Ci sono rapporti, attendibili, che smentiscono la propaganda socialmediatica che dipinge l’Europa – l’Italia in particolare – invasa (o pronta a essere invasa) da una moltitudine di africani. Sarebbero milioni. Invece, secondo un recente rapporto dell’Africa Center for Strategic Studies (centro studi con sede a Washington), il 96% dei rifugiati che lascia il proprio paese d’origine rimane in Africa. E la maggior parte di chi lascia il continente lo fa attraverso canali legali: dai visti di reinsediamento o di istruzione.

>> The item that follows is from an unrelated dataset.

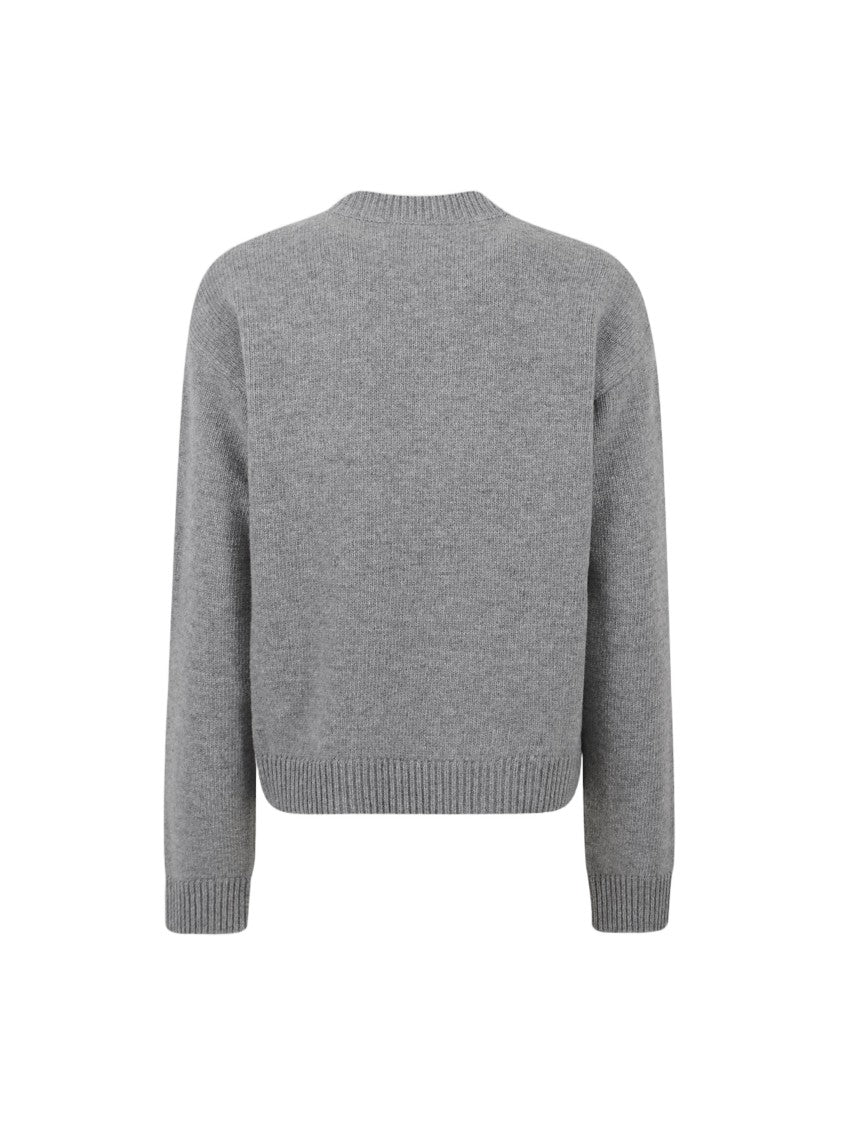 Gucci Wool Knit Sweater With Contrasting Logo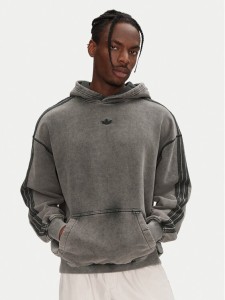 adidas Bluza Premium Essentials Retro JD0245 Szary Loose Fit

Rifugiati, sfollati e richiedenti asilo
Attualmente sono circa 40,4 milioni gli africani costretti a sfollare con la forza (sfollati interni, rifugiati e richiedenti asilo). Più del doppio della cifra registrata nel 2016. Statistiche che non tengono conto degli ultimi colpi di stato in Niger e Gabon.
Oltre il 77% dei 40 milioni sono sfollati interni nei rispettivi paesi.

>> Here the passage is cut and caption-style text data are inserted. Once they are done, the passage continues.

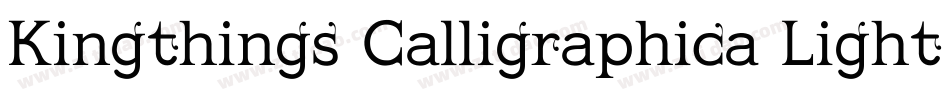 Kingthings Calligraphica Light字体转换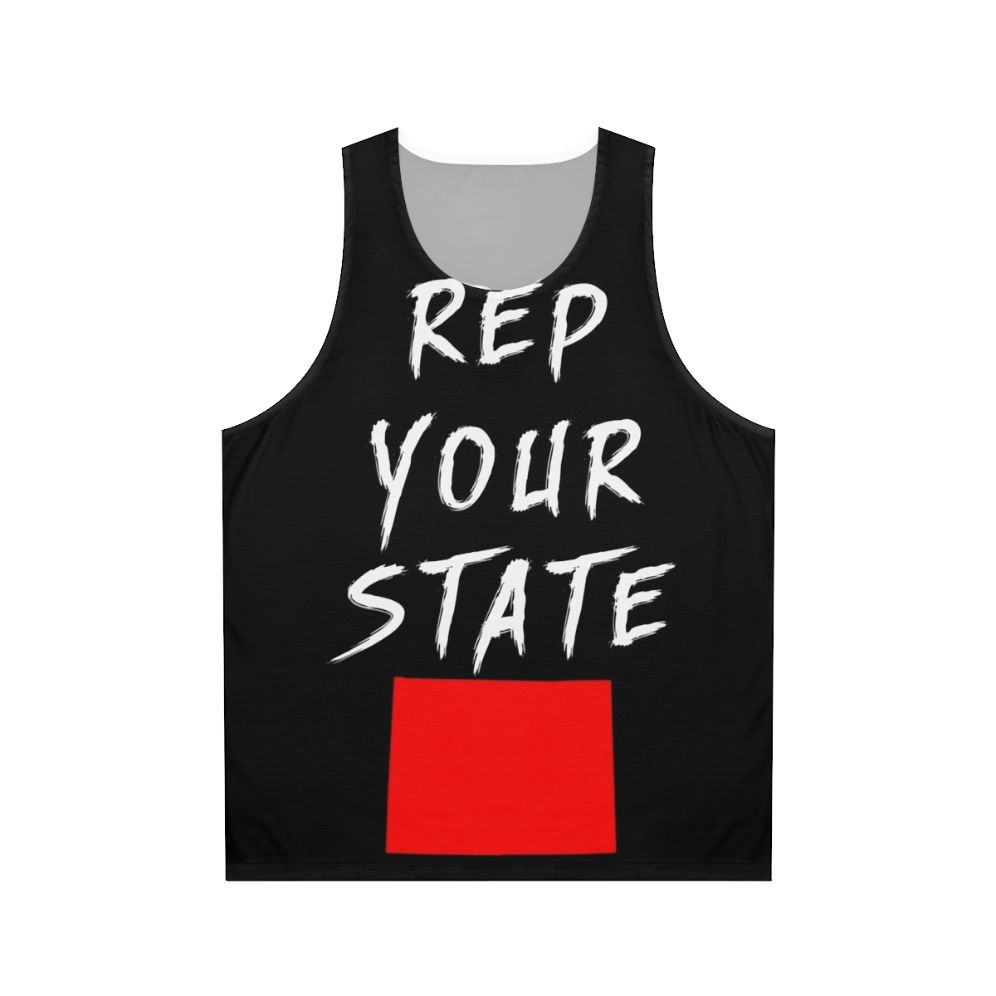 Wyoming state pride unisex tank top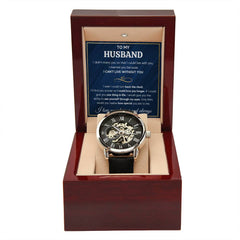 To My Husband – Openwork Watch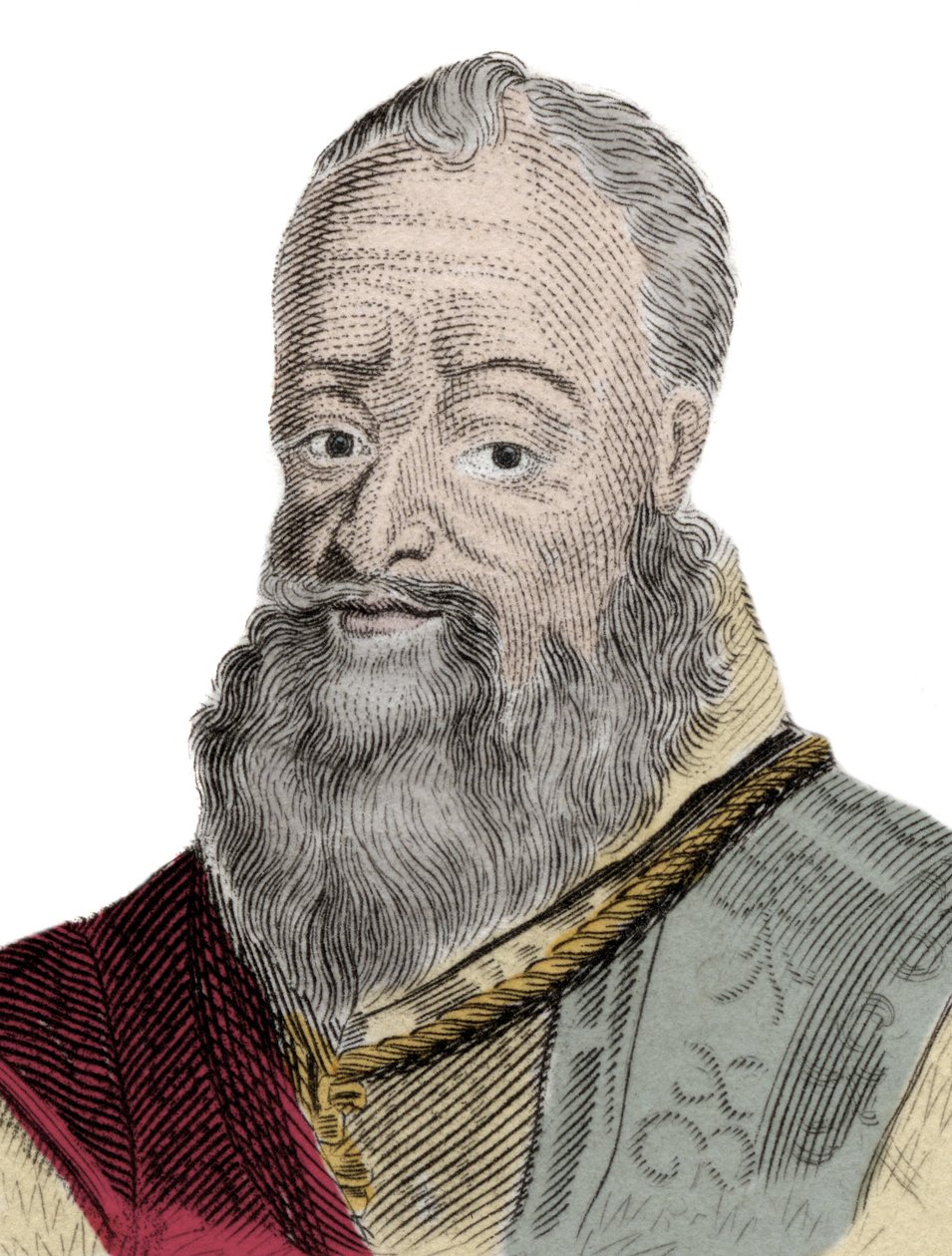 Portret Henri Percy (Henry Percy) (1564-1632), dziewiątego hrabiego Northumberland, zwanego czarodziejem hrabią, uwięzionego za udział w spisku prochu (1605). Rycina XIX wieku. autorstwa Unknown artist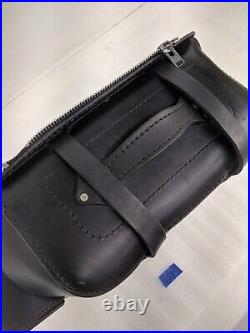 The Leatherworks Right Side Slight Angle Deluxe Leather Throw Over Saddlebag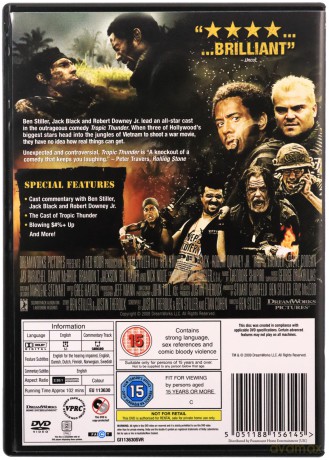 Tropic Thunder (Jaja w tropikach) [DVD]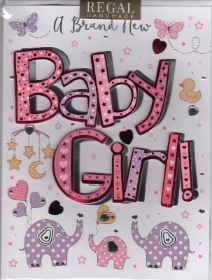 Card Baby Girl Pizzaz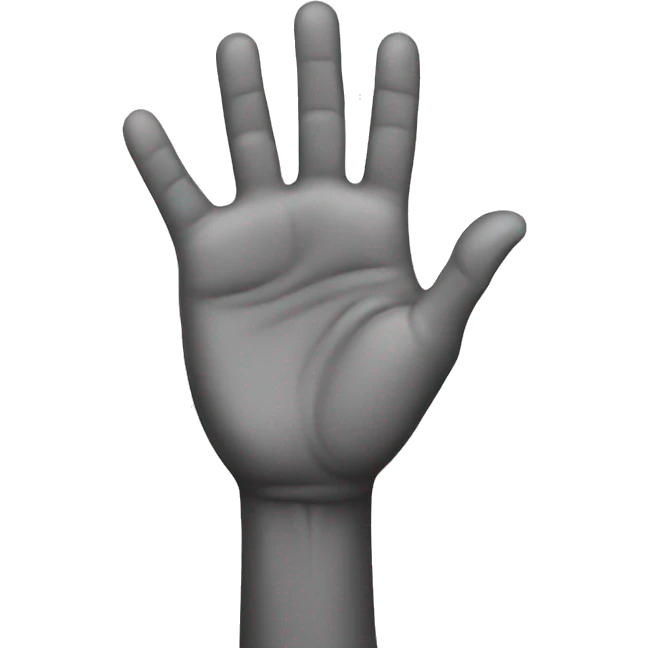 Hand emoji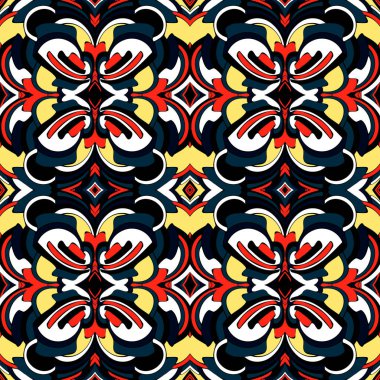 renk soyut etnik desen graffiti stilinde kusursuz desen kent modern stil elementleri tasarımınız için parlak kalite illüstrasyon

L’80% dei migranti africani non ha interesse a lasciare il continente. L’Africa rappresenta solo il 14% della popolazione migrante globale, rispetto al 41% dell’Asia e al 24% dell’Europa.
Nel 2022, 3,2 milioni di africani sono sfollati a causa di conflitti. Un aumento del 13% che conferma una tendenza al rialzo incontrollata osservata ormai dal 2011
Dei 15 paesi africani che generano il maggior numero di sfollati forzati, 14 sono colpiti da conflitti. Dodici di questi 15 paesi hanno anche governi con tendenze autoritarie.
Molti dei 16 paesi africani in conflitto sono contigui e si estendono dal Sahel occidentale attraverso il Corno d’Africa, comprendendo il bacino del Lago Ciad e le regioni dei Grandi Laghi. Un esempio recente è quello del Sudan, dove lo scontro tra l’esercito e la principale forza paramilitare ha causato la fuga di civili dalla violenza verso sei paesi confinanti, molti dei quali già alle prese con propri conflitti interni o altri episodi di instabilità regionale.
Il 64% degli sfollamenti forzati nel continente nel 2022 sono stati registrati in 5 paesi: Sudan, Somalia, Rd Congo, Nigeria, Etiopia.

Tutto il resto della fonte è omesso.